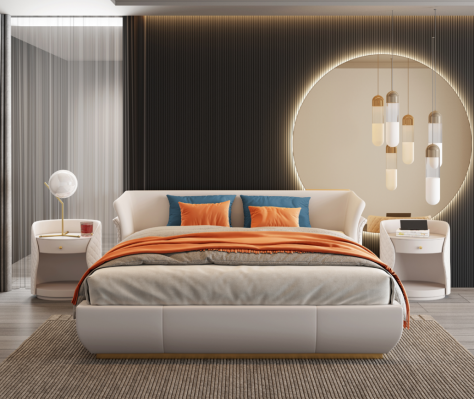 Łóżko Podkładka Design Luksusowe łóżko podwójne Sleep Pokój 180x200cm Nowość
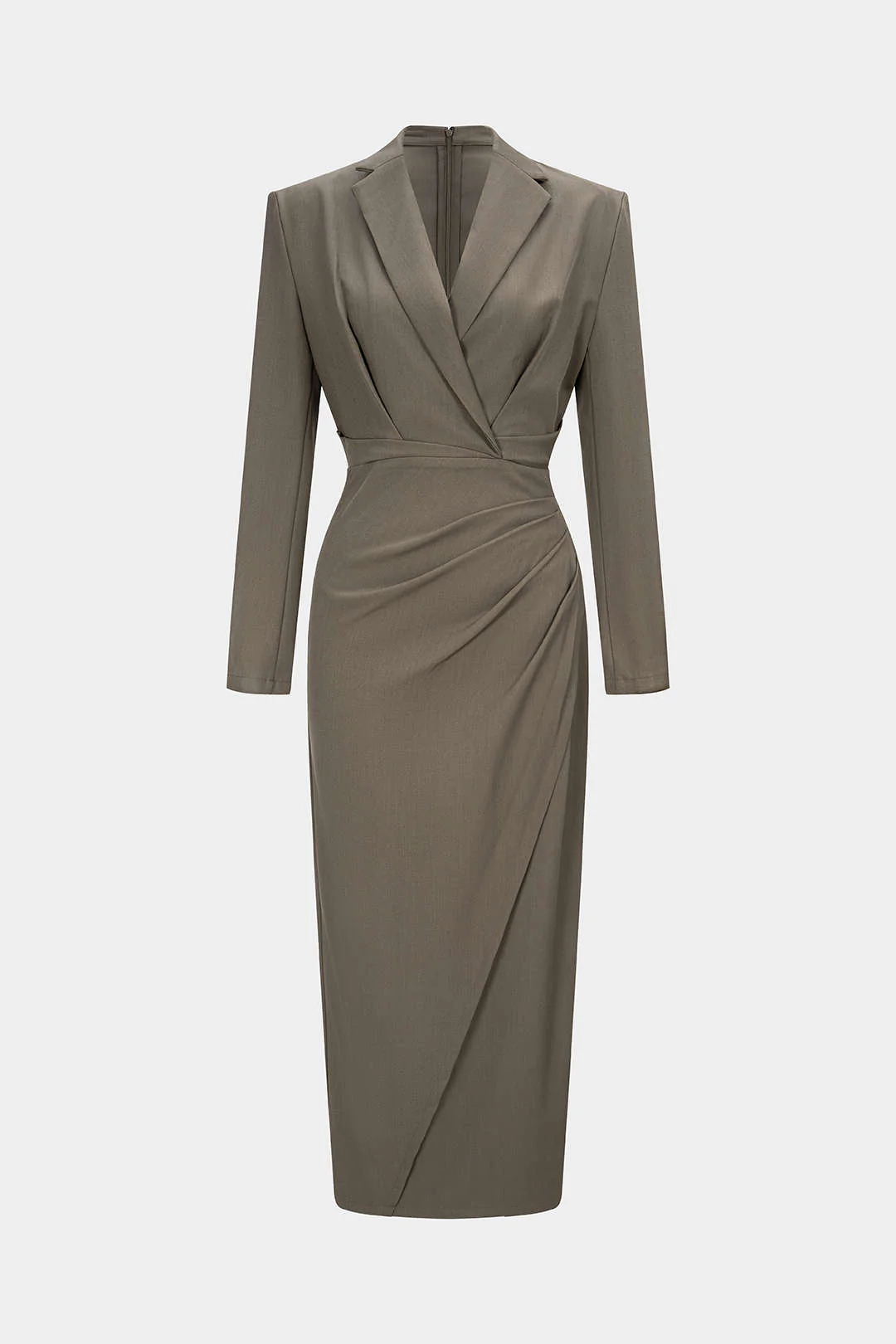 Ruched Notched Lapel Asymmetrical Long Sleeve Maxi Dress - Flockneti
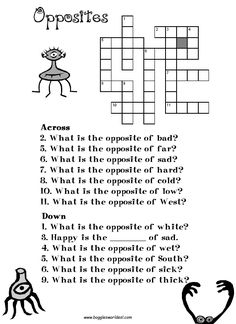 crossword puzzles for kids with words and pictures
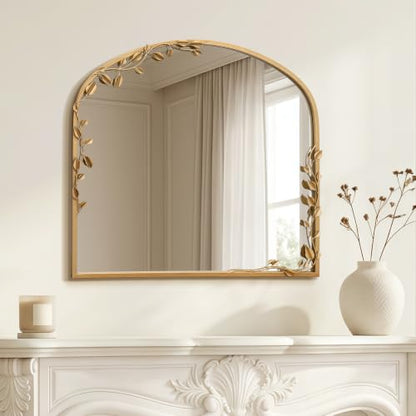 Besdomus Arched Wall Decorative Mirror: 32"x30" Ornate Brass Gold Mirror - size: 32"L x 30"W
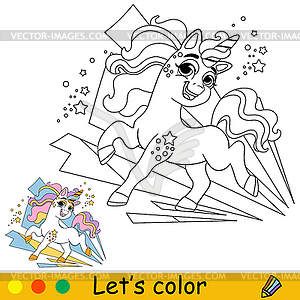 Cartoon cutie unicorn kids coloring book page - vector image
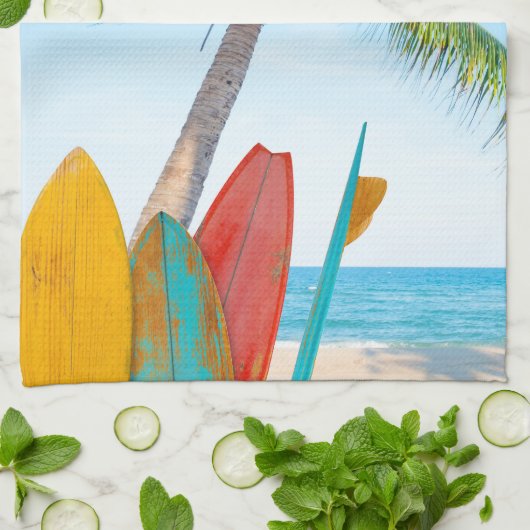 Surfbrett-Strand Geschirrtuch (Gefaltet)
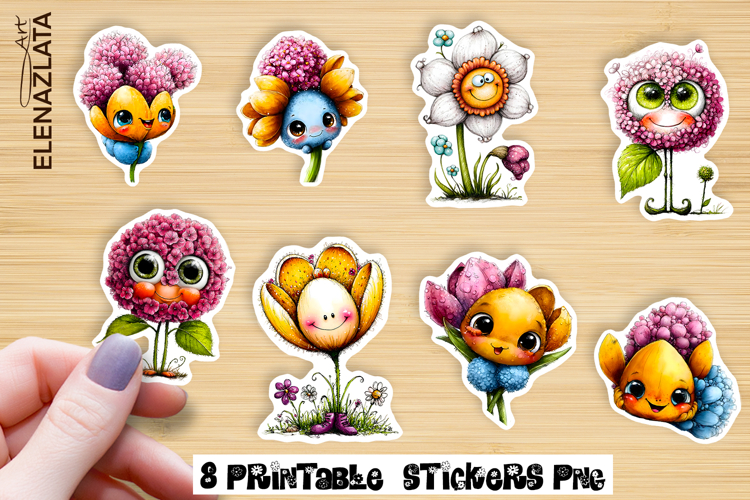 Watercolor funny Flowers Sticker, big eyes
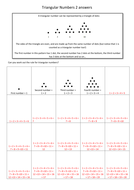 ks2 triangular numbers 5 worksheets answers teaching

Try it: Retype, word for word, only the lines from the line with "Cartoon cutie unicorn" to the final line of the listing above; the pictures do not belong in the copy.

Answer to this exercise:
 Cartoon cutie unicorn kids coloring book page - vector image
 Surfbrett-Strand Geschirrtuch (Gefaltet)
 Watercolor funny Flowers Sticker, big eyes
 ks2 triangular numbers 5 worksheets answers teaching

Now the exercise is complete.